Data section -
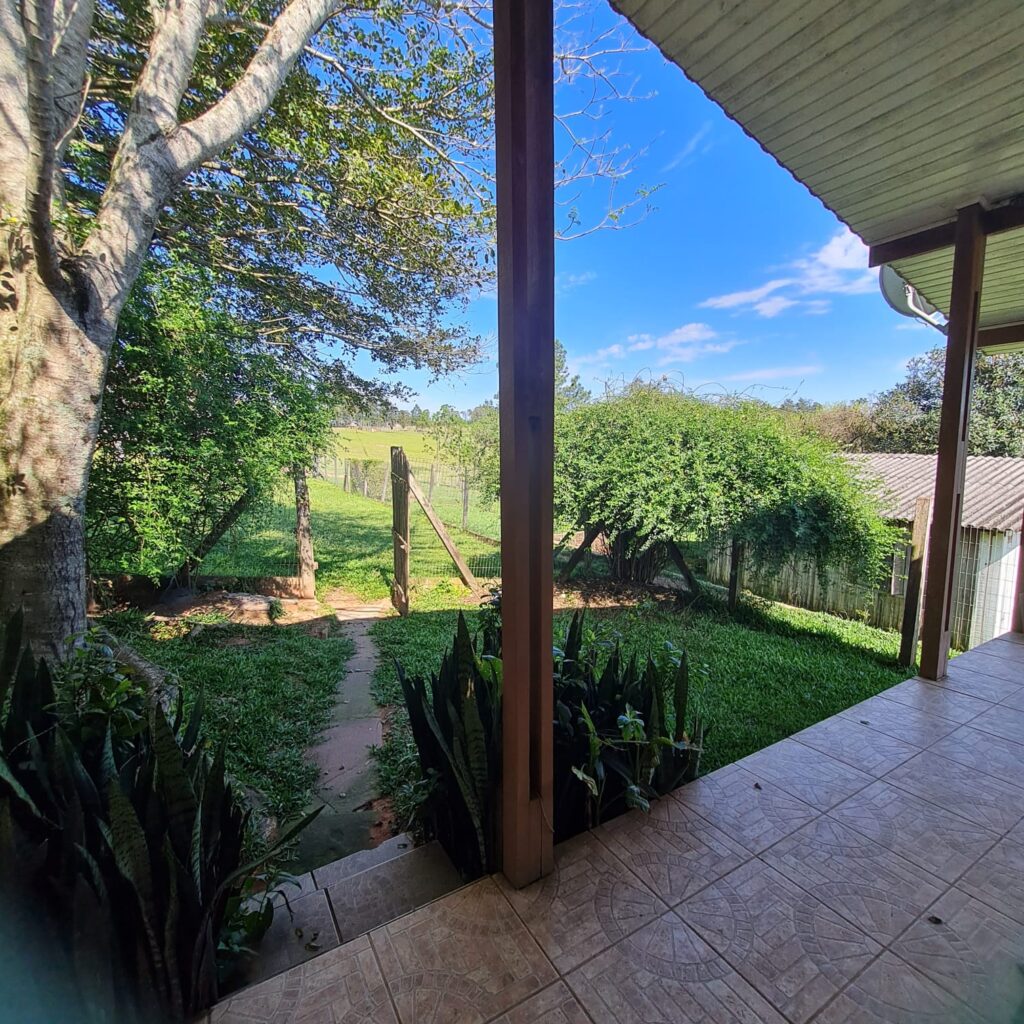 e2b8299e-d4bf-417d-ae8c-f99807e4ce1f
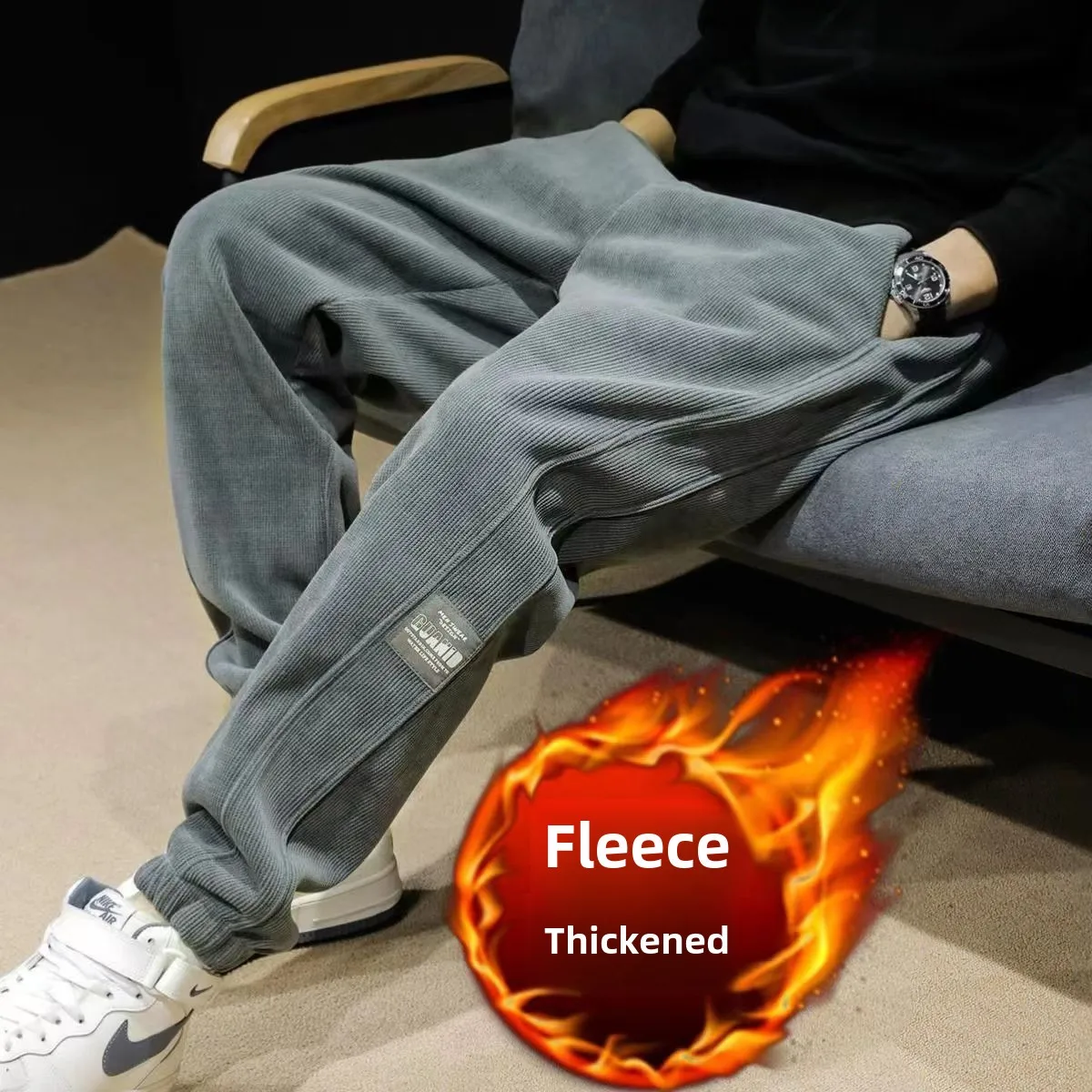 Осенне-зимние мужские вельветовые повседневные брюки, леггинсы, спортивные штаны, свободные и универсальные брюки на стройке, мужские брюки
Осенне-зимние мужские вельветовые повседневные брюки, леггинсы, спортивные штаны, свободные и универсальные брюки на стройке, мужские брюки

Required action - An exact copy of the whole listing is required, minus the pictures.

Solution for this task -
 e2b8299e-d4bf-417d-ae8c-f99807e4ce1f
 Осенне-зимние мужские вельветовые повседневные брюки, леггинсы, спортивные штаны, свободные и универсальные брюки на стройке, мужские брюки
Осенне-зимние мужские вельветовые повседневные брюки, леггинсы, спортивные штаны, свободные и универсальные брюки на стройке, мужские брюки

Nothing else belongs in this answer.